Hi novice. We just had this one last week. Someone said you could grow easily from seed, I disagree. I've tried direct planting into a propagator and I've also tried the recommended method of cold stratifying. If you are indeed a total novice then don't worry about that, it involves chilling the seed first then taking it out of the fridge so it thinks it has just been through winter. The important thing is neither worked.

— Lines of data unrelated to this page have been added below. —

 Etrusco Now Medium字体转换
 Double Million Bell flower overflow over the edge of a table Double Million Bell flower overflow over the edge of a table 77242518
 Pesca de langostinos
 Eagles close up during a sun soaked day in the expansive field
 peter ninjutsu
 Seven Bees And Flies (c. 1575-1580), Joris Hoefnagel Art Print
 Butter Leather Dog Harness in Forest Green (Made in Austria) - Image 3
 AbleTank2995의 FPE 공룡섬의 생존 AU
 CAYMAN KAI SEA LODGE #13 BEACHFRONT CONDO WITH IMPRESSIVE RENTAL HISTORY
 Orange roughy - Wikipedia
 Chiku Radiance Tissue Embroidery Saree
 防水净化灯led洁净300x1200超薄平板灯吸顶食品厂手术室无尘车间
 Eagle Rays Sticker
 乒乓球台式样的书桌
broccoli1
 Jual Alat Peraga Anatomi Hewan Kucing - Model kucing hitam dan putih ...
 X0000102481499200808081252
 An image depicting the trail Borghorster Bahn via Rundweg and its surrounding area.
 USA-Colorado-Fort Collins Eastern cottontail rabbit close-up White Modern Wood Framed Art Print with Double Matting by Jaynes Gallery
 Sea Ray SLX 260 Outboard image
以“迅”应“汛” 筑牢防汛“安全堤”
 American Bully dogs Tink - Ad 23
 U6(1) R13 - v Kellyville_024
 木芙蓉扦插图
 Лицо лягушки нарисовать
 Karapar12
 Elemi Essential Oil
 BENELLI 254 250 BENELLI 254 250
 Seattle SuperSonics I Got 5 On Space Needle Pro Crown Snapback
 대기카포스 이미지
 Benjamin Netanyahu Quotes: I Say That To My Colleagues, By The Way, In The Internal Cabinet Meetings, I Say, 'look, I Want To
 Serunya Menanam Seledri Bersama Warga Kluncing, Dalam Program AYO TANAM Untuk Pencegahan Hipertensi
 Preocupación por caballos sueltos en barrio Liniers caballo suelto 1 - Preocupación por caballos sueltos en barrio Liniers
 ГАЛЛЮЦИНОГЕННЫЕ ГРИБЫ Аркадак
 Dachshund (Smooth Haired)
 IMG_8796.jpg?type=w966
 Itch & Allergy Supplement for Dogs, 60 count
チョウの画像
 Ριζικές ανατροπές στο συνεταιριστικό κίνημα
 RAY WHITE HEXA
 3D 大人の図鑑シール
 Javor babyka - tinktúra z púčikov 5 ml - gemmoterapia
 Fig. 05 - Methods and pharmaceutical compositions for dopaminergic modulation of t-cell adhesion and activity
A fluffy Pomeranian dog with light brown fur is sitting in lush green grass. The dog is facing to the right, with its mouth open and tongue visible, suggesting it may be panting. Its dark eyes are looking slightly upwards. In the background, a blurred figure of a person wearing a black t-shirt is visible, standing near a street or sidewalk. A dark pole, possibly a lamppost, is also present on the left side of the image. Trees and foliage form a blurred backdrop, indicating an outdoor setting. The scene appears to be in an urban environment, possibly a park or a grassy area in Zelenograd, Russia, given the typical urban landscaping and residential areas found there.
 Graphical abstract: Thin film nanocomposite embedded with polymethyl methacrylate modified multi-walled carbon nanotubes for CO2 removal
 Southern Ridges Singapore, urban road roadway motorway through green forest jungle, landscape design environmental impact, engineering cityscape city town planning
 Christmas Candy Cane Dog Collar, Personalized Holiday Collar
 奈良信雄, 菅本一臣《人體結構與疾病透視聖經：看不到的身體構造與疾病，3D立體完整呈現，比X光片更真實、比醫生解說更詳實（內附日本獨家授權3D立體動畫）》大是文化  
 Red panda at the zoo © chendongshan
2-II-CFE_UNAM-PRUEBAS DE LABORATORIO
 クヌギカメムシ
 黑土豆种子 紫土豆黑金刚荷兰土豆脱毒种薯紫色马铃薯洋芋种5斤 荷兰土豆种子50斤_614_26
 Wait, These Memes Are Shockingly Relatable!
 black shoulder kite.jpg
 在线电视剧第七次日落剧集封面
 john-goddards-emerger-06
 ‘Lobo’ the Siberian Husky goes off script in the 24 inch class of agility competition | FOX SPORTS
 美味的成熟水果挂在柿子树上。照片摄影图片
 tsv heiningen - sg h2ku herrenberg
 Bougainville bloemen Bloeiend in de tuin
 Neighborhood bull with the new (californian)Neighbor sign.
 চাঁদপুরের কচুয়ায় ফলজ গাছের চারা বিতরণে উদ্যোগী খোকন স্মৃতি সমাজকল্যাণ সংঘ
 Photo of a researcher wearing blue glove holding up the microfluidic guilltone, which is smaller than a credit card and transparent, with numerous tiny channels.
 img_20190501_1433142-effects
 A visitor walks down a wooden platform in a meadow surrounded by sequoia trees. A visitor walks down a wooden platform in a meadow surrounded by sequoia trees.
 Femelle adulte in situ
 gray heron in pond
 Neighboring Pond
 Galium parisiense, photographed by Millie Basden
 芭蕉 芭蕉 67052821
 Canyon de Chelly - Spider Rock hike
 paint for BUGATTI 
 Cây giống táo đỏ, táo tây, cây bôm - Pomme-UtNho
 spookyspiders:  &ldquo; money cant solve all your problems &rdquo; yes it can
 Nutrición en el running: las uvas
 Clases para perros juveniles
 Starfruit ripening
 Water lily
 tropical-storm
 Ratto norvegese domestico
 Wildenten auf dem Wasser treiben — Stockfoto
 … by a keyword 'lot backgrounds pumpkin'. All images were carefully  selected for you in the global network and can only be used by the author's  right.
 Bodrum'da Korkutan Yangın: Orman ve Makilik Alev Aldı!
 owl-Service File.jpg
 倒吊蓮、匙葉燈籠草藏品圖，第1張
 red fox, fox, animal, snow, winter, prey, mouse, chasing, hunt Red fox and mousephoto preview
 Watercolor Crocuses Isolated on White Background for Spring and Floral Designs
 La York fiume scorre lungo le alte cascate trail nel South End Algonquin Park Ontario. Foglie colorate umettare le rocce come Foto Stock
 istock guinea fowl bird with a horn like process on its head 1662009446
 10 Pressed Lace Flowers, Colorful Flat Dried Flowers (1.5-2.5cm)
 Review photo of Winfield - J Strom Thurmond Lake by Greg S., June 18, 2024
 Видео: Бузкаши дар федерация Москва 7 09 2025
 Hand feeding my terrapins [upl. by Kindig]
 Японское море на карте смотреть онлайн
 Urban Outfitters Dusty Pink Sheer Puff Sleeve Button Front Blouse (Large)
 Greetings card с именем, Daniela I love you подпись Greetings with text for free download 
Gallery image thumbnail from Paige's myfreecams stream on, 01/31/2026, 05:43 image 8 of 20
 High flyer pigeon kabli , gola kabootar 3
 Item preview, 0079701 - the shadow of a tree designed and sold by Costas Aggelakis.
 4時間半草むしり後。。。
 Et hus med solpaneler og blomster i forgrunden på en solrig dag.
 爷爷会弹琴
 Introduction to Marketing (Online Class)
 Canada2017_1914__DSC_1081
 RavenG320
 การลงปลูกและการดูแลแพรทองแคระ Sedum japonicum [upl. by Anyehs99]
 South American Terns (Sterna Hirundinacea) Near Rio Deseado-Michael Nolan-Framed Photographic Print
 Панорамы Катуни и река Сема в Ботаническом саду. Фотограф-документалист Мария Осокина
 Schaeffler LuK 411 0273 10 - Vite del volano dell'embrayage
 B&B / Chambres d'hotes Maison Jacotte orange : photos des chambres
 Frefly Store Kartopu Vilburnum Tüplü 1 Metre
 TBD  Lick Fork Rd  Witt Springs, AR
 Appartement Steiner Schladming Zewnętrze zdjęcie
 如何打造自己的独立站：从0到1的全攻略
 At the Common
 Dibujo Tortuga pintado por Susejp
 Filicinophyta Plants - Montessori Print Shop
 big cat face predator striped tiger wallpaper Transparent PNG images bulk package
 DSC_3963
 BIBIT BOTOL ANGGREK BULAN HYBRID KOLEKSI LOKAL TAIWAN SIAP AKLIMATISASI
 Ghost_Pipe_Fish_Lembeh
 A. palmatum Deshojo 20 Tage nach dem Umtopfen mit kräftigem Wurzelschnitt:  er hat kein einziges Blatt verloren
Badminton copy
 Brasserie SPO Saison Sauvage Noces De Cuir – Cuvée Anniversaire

So when I wanted some passiflora I went to a friend who had the ones I wanted and I took some cuttings. Those worked no problem. I suggest that you take the fruits with you just to try growing the seed inside them but that you also take some cuttings off your plant. It is quite easy. I could go into the various ways of taking cuttings but it's best if you know a keen gardener and ask them to do it for you. I thought everyone knew a keen gardener but if you don't then I suggest you look it up on the web by googling 'passiflora propagation' (it really is too big to cover here) or if you are really stuck just google 'plant cuttings' and try one or more of those methods.

It really is a big (but not as hard as you think) subject so good luck. If all else fails you could just go to Morrison's or Wilko next spring and buy a young plant for a couple of quid. Not the gardeners answer but sometimes needs must.

13 Oct, 2008


Yes maybe it depends where you live, totalnovice.
I don't know where you are but down here in the south, (Surrey) I have them by the ton. The fruit drops off the plant and grows like weeds. Maybe when you have decided where you want them to grow you could throw your fruit down in the garden and see if they will take.
If you don't have any luck you will have to go down the cutting route.

14 Oct, 2008


Marguerite. See my answer on the other thread. I have heard of P. caerulea self seeding Doctorbob, and not needing a hardier root stock, but I think that we are all in danger of confusing P. edulis (which maybe does need a graft, I don't know) with the other 499 passifloraceae


14 Oct, 2008


We don't know what type totalnovice has, but it is more than likely the P Caerulia which will very probably self seed.
It's well worth a try anyway.

14 Oct, 2008


Certainly worth a try Doctorbob. That is half the fun of gardening. As I said it has never grown from seed for me but I am in the frozen north and it may well work for others. So far this year I have also tried 100 puya seeds without one germinating and 35 acers with the glorious total of one growing, Chinese gooseberries though, I planted, I think 10, and have what looks like 60 seedlings. LoL.

14 Oct, 2008


Hey John,
You might have to move to Cornwall to get your Puya to grow, might be difficult up in the frozen North. Acers shouldn't be any trouble though it's a precarious business this gardening, many times i've grown plants from seeds, cuttings, layers etc. only to have to work hard at hardening off when the greenhouse fire went out. (or did I accidentally let it out.)
Glad your chinese gooseberries are a success though.

14 Oct, 2008


Well. I had just finished telling you nice people that passion flowers are no more for this year when I have to start blushing. If anyone is interested see my latest picture post of today. Oops.